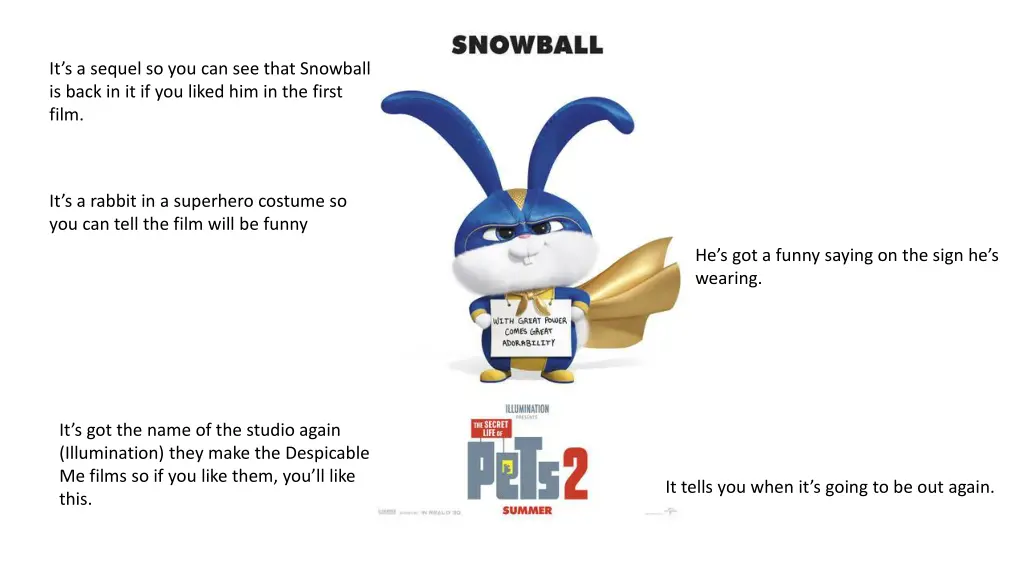 it s a sequel so you can see that snowball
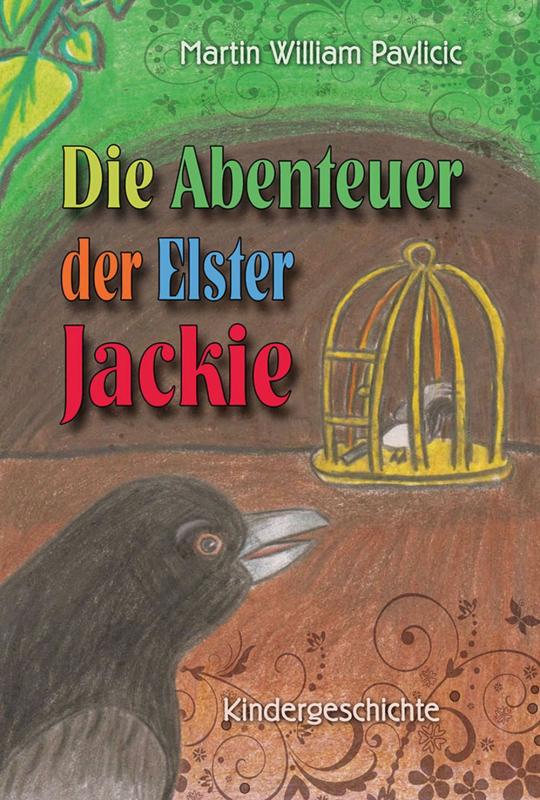 Cover-Bild Die Abenteuer der Elster Jackie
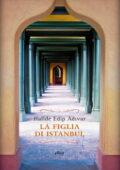 Halide Edip Adivar - La figlia di Istanbul (2014)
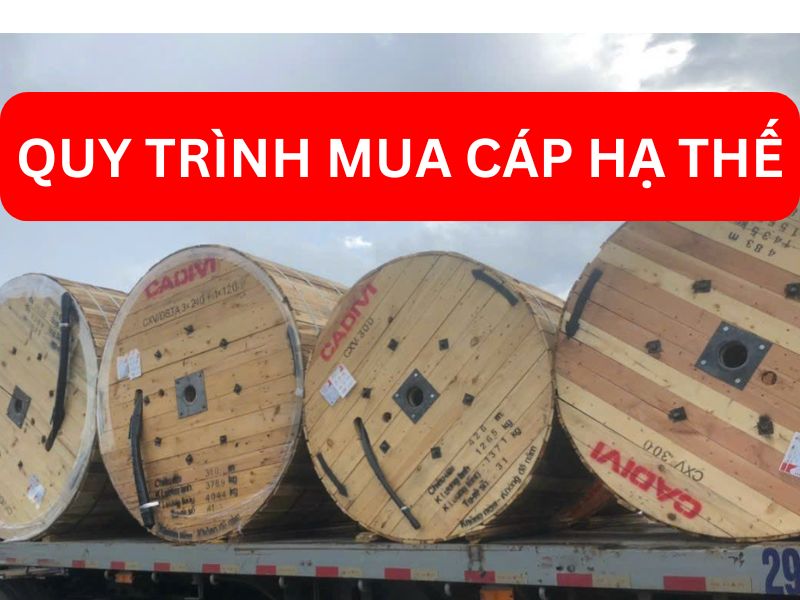 Quy Trình Mua Dây Cáp Điện Hạ Thế CADIVI Tại DaycapCADIVI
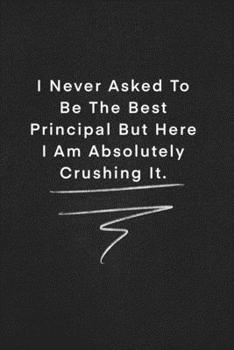 I Never Asked To Be The Best Principal But Here I Am Absolutely Crushing It.: Quote on Blackboard Notebook  / Journal Gift / Doted,numbred, 120 Pages, 6x9, Soft Cover, Matte Finish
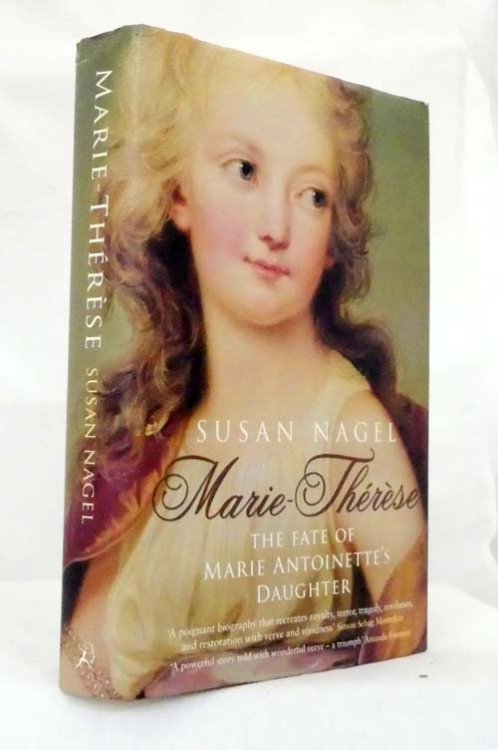 Image for Marie -Therese The Fate of Marie Antoinette's Daughter Marie -Therese The Fate of Marie Antoinette's Daughter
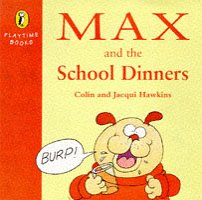 Book Max and the School Dinners (Playtime Books) free
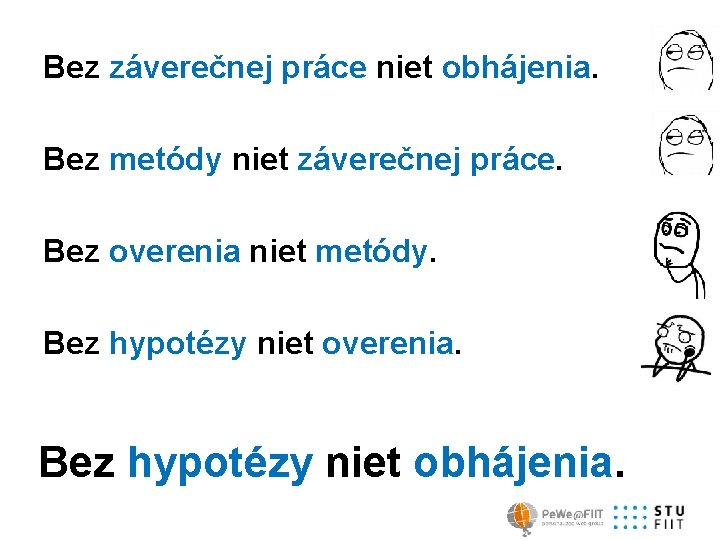 Bez záverečnej práce niet obhájenia. Bez metódy niet záverečnej práce. Bez overenia niet metódy.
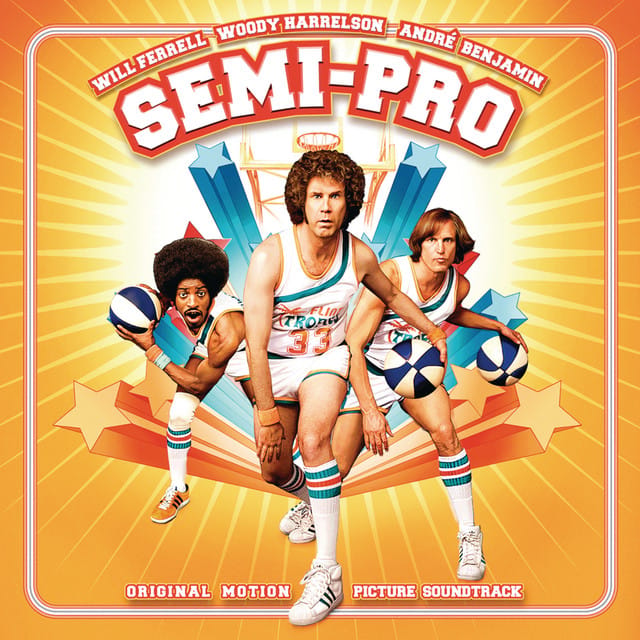 Semi-Pro - Original Motion Picture Soundtrack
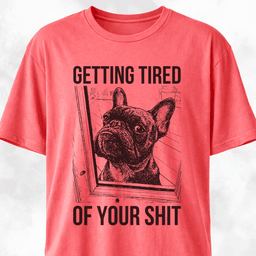 Getting Tired Of Your Shit French Bulldog T Shirt Gift For Dog Lover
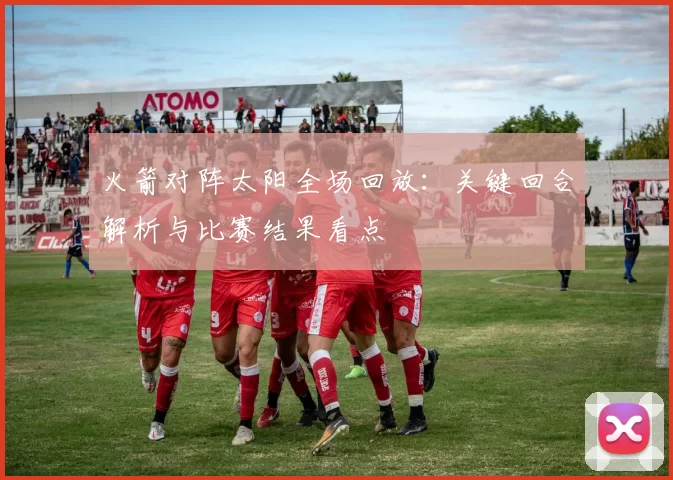 火箭对阵太阳全场回放:关键回合解析与比赛结果看点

__________

**The problem:** The output is the stretch above from the line with "Quy Trình Mua" through the line with "I Never Asked", copied word for word with both ends kept and every picture dropped.

**Task answer:**
 Quy Trình Mua Dây Cáp Điện Hạ Thế CADIVI Tại DaycapCADIVI
 I Never Asked To Be The Best Principal But Here I Am Absolutely Crushing It.: Quote on Blackboard Notebook  / Journal Gift / Doted,numbred, 120 Pages, 6x9, Soft Cover, Matte Finish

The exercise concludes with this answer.